Belfast Telegraph

We must consider mental impact on guilty parties, says Waugh


By Steve Simpson

Former Australia captain Steve Waugh is "deeply troubled" by the ball-tampering row but has called for a "focused and balanced perspective" in the condemnation of those involved.

Steve Smith has admitted he oversaw a plot to change the condition of the ball during the third Test loss to South Africa in Cape Town and Cameron Bancroft was caught on camera hiding sticky tape, which he had used in an attempt to manipulate the ball with debris from the pitch, down his trousers at Newlands on Saturday.

Waugh said: "Like many, I'm deeply troubled by the events in Cape Town this last week, and acknowledge the thousands of messages I have received, mostly from heartbroken cricket followers worldwide.

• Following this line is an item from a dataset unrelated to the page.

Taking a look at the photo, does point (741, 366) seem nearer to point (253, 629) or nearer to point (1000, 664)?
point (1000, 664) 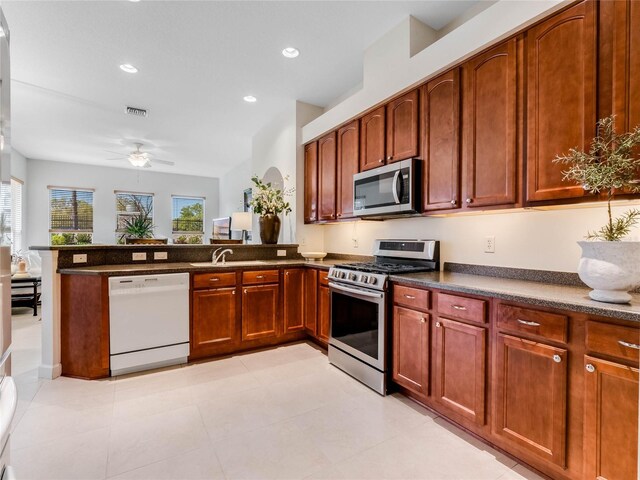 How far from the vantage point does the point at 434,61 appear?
2439 mm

"The Australian cricket team has always believed it could win in any situation against any opposition by playing combative, skilful and fair cricket, driven by our pride in the fabled Baggy Green.

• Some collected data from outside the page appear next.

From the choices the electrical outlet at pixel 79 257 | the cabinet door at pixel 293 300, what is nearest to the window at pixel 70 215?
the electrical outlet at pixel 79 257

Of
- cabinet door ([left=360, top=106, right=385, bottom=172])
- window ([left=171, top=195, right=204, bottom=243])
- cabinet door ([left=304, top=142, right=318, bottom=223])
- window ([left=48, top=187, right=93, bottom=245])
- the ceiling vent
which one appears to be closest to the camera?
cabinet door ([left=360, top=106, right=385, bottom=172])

"I have no doubt the current Australian team continues to believe in this mantra, however some have now failed our culture, making a serious error of judgement in the Cape Town Test match.

"In 2003, we modified the Spirit of Cricket document originally created by the MCC to empower our players to set their own standards and commit to play the Australian way.

"We must urgently revisit this document, re-bind our players to it and ensure the spirit in which we play is safeguarded for the future of the sport, and to continue to inspire the dreams of every young kid picking up a bat and ball and for every fan who lives and breathes the game."

The 52-year-old stressed that the well-being of the players should be taken into account when judgements are passed.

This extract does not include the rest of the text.